=== Input for this task ===
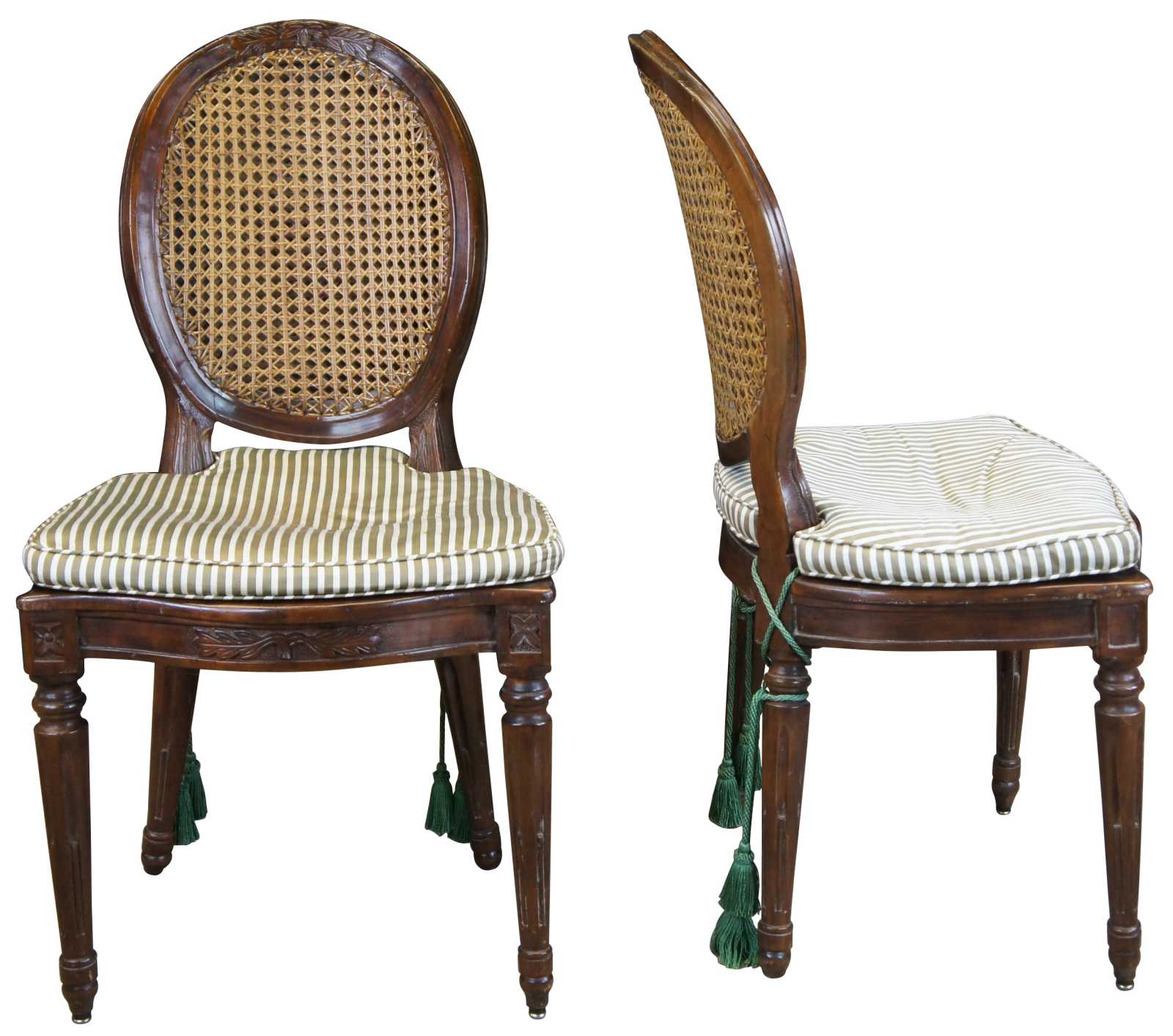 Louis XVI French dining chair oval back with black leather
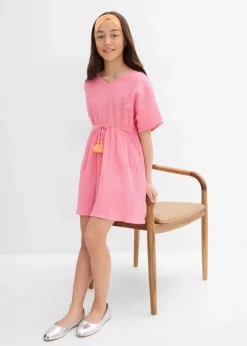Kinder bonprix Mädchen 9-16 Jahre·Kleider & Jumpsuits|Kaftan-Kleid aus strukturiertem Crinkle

==

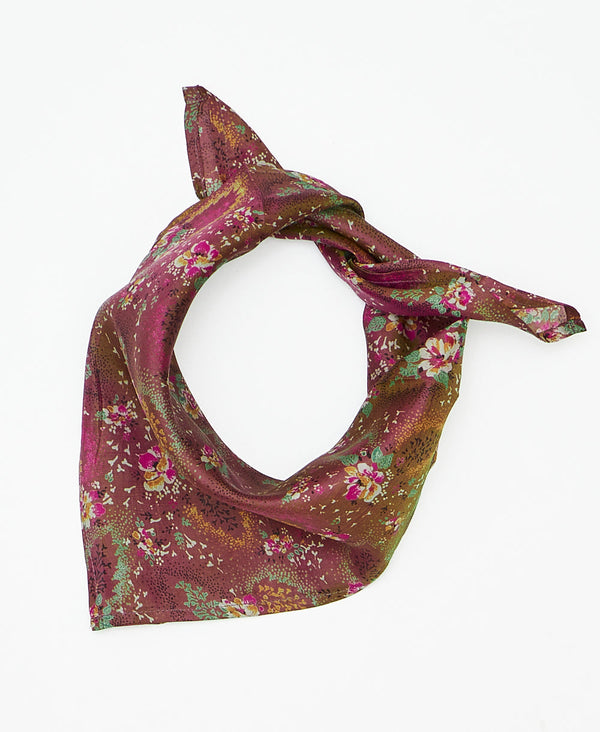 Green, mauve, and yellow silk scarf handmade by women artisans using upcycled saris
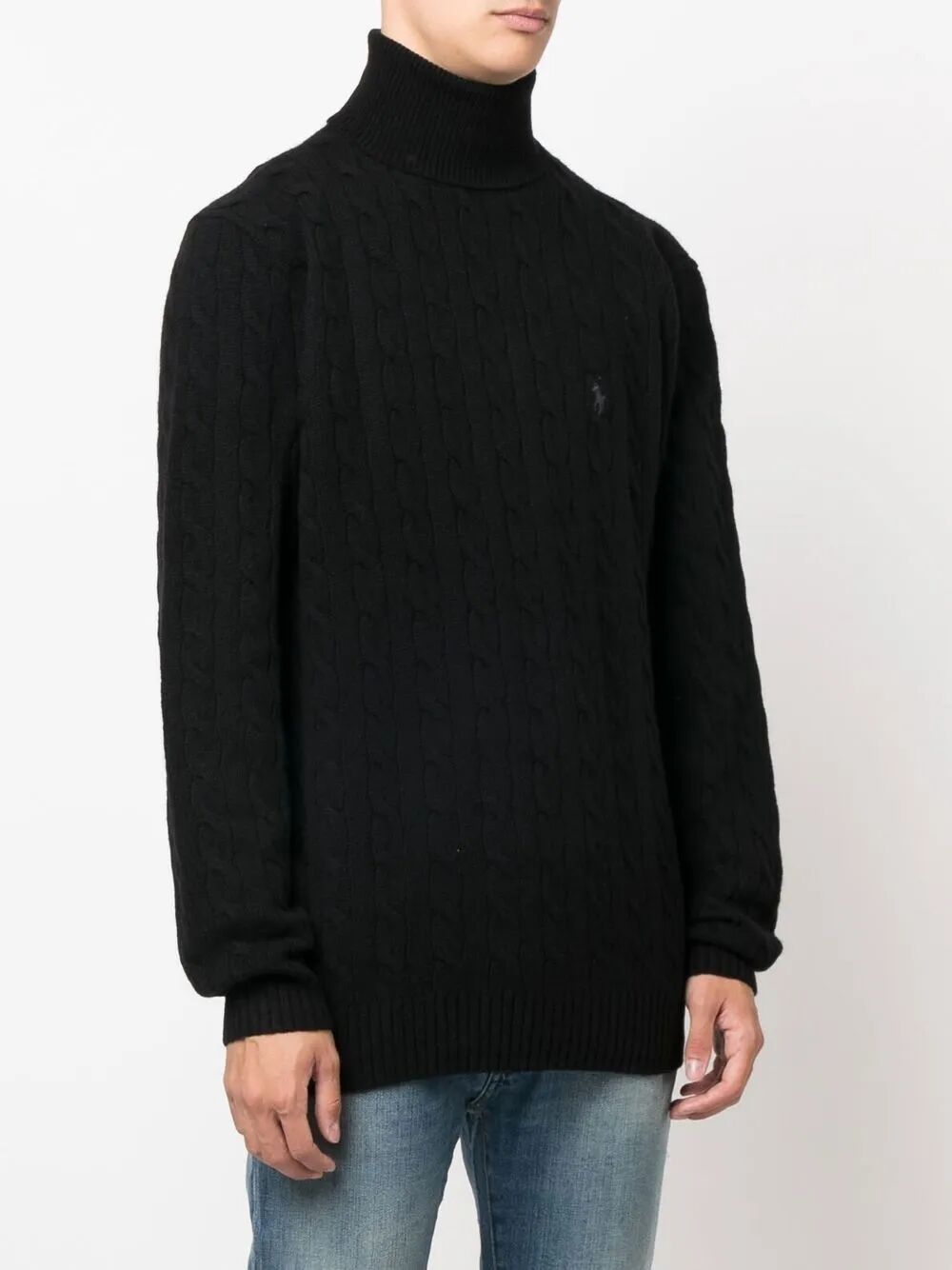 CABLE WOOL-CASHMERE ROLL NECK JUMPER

---

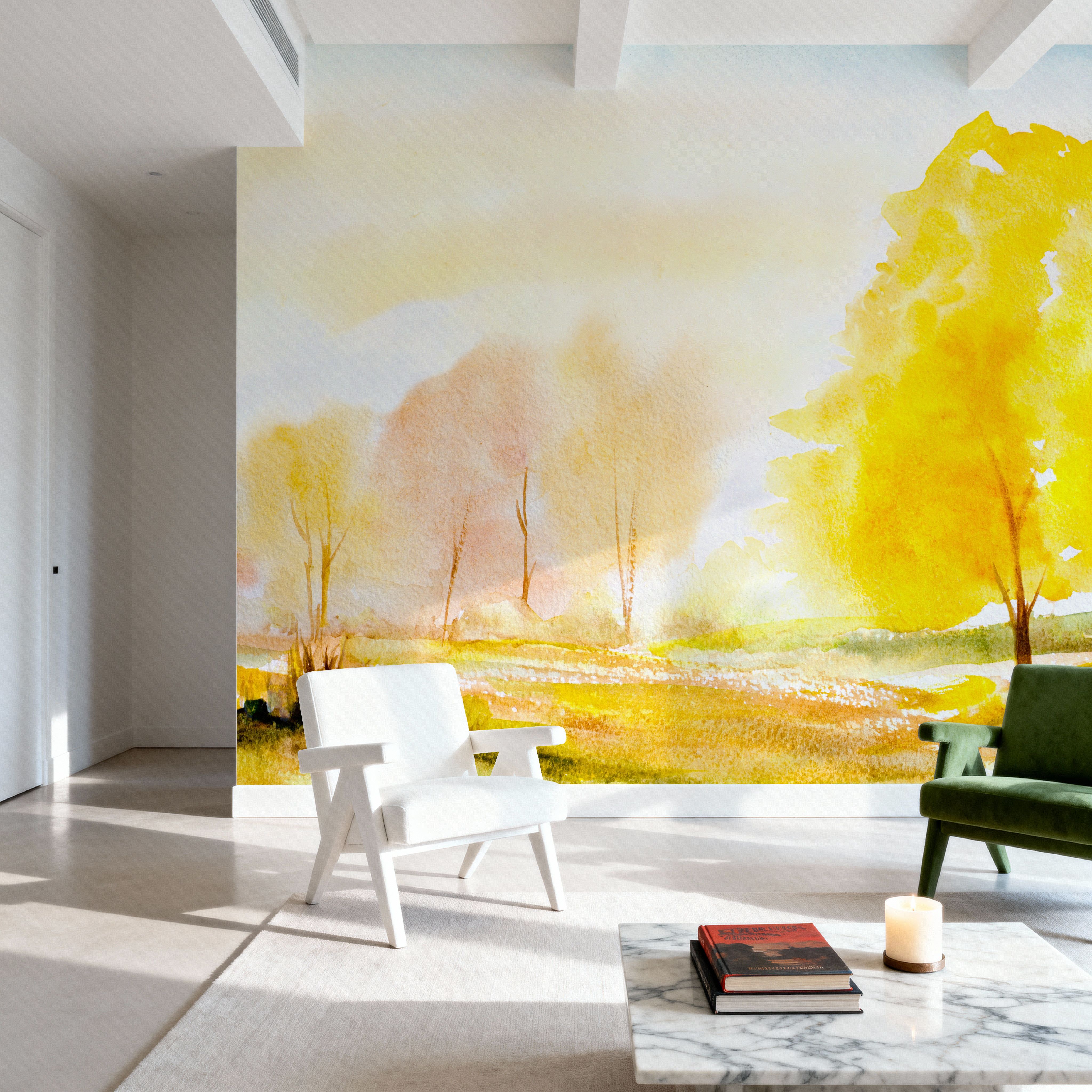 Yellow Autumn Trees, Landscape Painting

=== Problem ===
Your reply should consist solely of the lines above from the line containing "Green, mauve, and" up to and including the line containing "CABLE WOOL-CASHMERE ROLL NECK JUMPER", reproduced exactly, minus the pictures.

=== Result ===
 Green, mauve, and yellow silk scarf handmade by women artisans using upcycled saris
 CABLE WOOL-CASHMERE ROLL NECK JUMPER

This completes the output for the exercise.